Australia’s longest standing responsible investment firm, Australian Ethical, recently combined with research house, Investment Trends, to survey investors on their ESG views. The survey covered 2,854 investors and 321 financial advisers, all of whom are based in Australia.
Despite the growing popularity of ESG strategies and headlines being dominated by “green-focused” policies in the US and Europe, some 43% of respondents that were not currently using ESG investors thought their performance would be worse in an ESG-focused strategy. On the other hand, 82% of those consumers invested into ESG products believe their returns will be better or about the same than the alternatives, according to Sarah Brennan, CEO of Investment Trends.
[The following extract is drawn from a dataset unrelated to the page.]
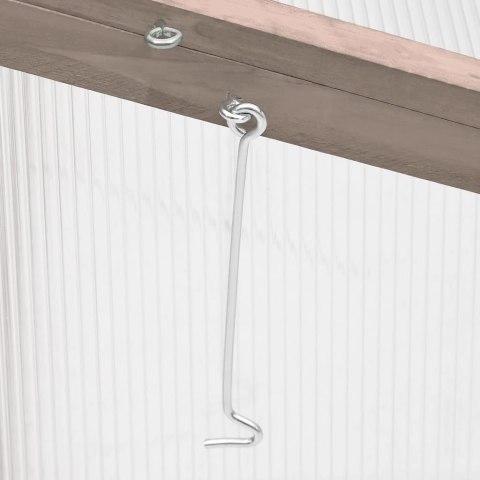 Inspekt, szary, 110x58,5x39 cm, drewno jodłowe Lumarko!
The survey was seen as somewhat of a temperature check for the industry, as more investors demand ESG-focused strategies but advisers continue to come to terms with what their offerings looks like. The questions were targeted at both those who currently invest in ESG options and those who do not, separated into millennials (aged 25 – 39), Zoomers (18 – 24) and Boomers.
Some 78% of existing ESG investors indicated they will be basing further investment decisions on environmental rather than other ethical considerations; 46% were prioritising governance issues following a series of board missteps and failures of the “pub test,” with 34% seeking to have a positive social impact with their capital.
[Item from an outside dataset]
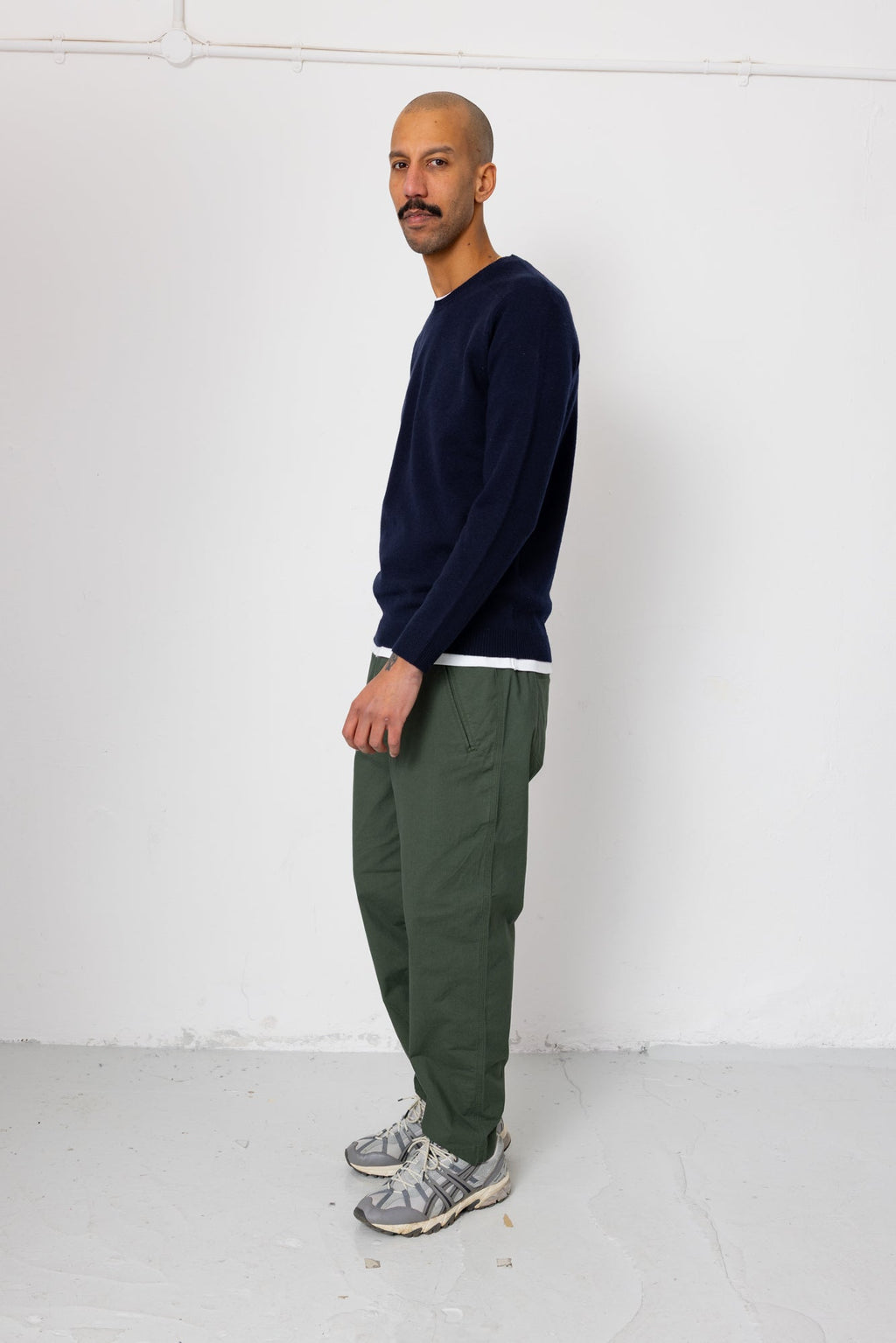 Drawcord Assembly Pant - Olive Ripstop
Advisers remain among the most cautious, with just 40% saying they discussed ESG investing with their clients in the last 12 months. It is yet to be seen whether this is a generational issue, or if advisers are struggling to understand their own ESG views let alone craft a response for individual clients.
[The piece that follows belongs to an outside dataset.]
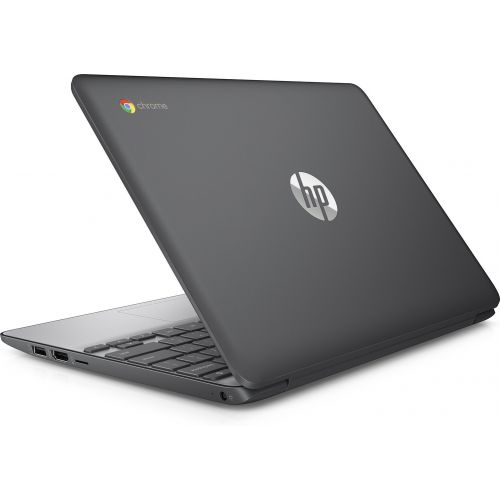 에이치피 2017 HP 11.6 Inch high performance Chromebook Laptop Computer, Intel Celeron N3060 Up to 2.48GHz, 4GB Memory, 16GB eMMC, WiFi 802.11ac, USB 3.1, Bluetooth, Webcam, Chrome OS (Certi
The result has been that 55% of new inflows into ESG products were driven by pressure from their clients, rather than a proactive approach. On the sector- or theme-specific issues, millennials remain focused on supporting “clean and renewable energy sources”, Zoomers on “energy consumption reduction” and all other age groups on the “recycling of non-biodegradable waste”.
As client books continue to age, advisers may need to pay more attention to the younger cohorts, with 74% of Zoomers also saying they had bought an investment or stock based on environmental factors.
“This is why we’ve ensured climate-friendly frameworks are integral to our investment philosophy, which has driven a 34-year track record of above-market returns“ said John McMurdo, CEO and managing director of Australian Ethical.